А у маленького лопоухого Гиммельфарба никакого концлагеря, скорее всего, не было. Не исключается, что именно поэтому маленького Гиммельфарба сейчас тут с нами нет.
Вот какие мысли завертелись в моей голове, когда я услышал фразу профессора Греннера о том, что евреи – это зло, которое должно быть уничтожено. Аида в свое время не была так резка, как Греннер. Когда она обнаружила, что евреи – недостаточно нравственная нация, она все же не призвала их уничтожить. Думаю, что мне, как родителю Аиды, это делало честь.
Канторович продолжал стоять над Греннером – он смотрел на него с пренебрежительной усмешкой.
– Как вас зовут? – спросил Канторович.
– Профессор Греннер.
– Вы идиот, профессор Греннер.
Греннер усмехнулся.
– Извините, но это не мой уровень дискуссии, – сказал он.
Канторович повернулся к каменщику.
– Зачем вы это строите? – спросил он. – Тоже считаете, что нас надо сжечь?
– Нет, – ответил каменщик. – Просто я каменщик. Я строю всю жизнь.
– То есть вы готовы строить все, что угодно? – спросил Канторович.
– Это моя профессия, – сказал каменщик.
– То есть вы не мыслите шире вашей профессии? – спросил Канторович.
– Я вас не понял, – сказал каменщик. – Пока надо что-то строить, я буду строить. Я очень хорошо умею это делать. Я строю уже много лет.
– С вами все ясно… – сказал Канторович и повернулся ко мне: – А вы? Тоже каменщик? Тоже будете строить что попросят?

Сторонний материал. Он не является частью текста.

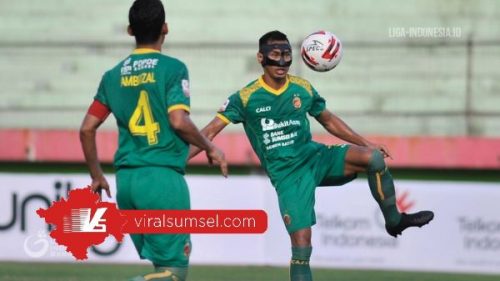 Zulkifli Syukur bek Sriwijaya FC musim 2019. FOTO : VIRALSUMSEL.COM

– Нет, – сказал я. – Буду строить. Но не потому, что я каменщик.
– А почему?
– Просто хочу жить.
– Хотите жить и строите помещения, где вас убьют?
– Но вы тоже носите сюда кирпичи, – сказал я.
– Потому что я заложник вас всех! – в волнении сказал Канторович. – Вы стадо! Вам не нужна свобода! Я не могу победить один! Я раб из-за вас!
Канторович зло толкнул только что выложенную стену, и она разрушилась. Все в ужасе оглянулись по сторонам.
– Жаль, – сказал я Канторовичу. – Вы думаете, что не хотите быть рабом, но на самом деле вы не хотите жить.
– А по-вашему, быть рабом – это жизнь? – запальчиво спросил Канторович.
– Конечно, – сказал я. – Быть рабом – это жизнь.
Раньше я никогда об этом не задумывался, поэтому был рад, что Канторович натолкнул меня на этот вывод.
Подбежал молодой эсэсовец, быстро взглянул на разрушенную стену.
– Кто? – спросил он и оглядел всех.
Все молчали. Эсэсовец достал пистолет, снова оглядел всех, выбрал каменщика, приставил пистолет к его лбу и выстрелил… Каменщик упал замертво. Все молчали. Эсэсовец оглядел окружающих, думая, кого застрелить следующим.
– Он, – сказал я и показал на Канторовича. Тот растерянно посмотрел на меня – не ожидал, что я предам его.
В следующую секунду эсэсовец выстрелил Канторовичу в голову. Канторович упал замертво.
– Работать, – сказал эсэсовец.
Я наклонился, забрал у мертвого каменщика мастерок и продолжил класть кирпичи. Эсэсовец стоял рядом, наблюдая, как я работаю. Раствор капал на лицо мертвого каменщика. Немного постояв, эсэсовец ушел.
Вечером в темном бараке я пробирался по узкому проходу к своим нарам. Какой-то заключенный со шрамом через все лицо вдруг схватил меня за горло. Второй заключенный прижал к стойке, на меня посыпались удары. В драку вмешался староста барака – он отбросил напавших, они отступили.
– Он был нашим товарищем… – прошипел мне заключенный со шрамом. – Долго ты у нас не протянешь – у нас не стучат на своих.
– Из-за него погибли другие, – сказал я.
– И правильно. Тот, кто продал свою свободу, не имеет права жить!
– Мы еще поквитаемся с тобой, – сказал второй, и они ушли.
Позже я узнал от Рихарда, что смерти Канторовича не хотел никто – включая даже охранников. Она стала результатом случайного стечения обстоятельств. Канторович был провокатором, который должен был выявлять протестные настроения среди заключенных: вот почему он так свободолюбиво и смело действовал себе во вред.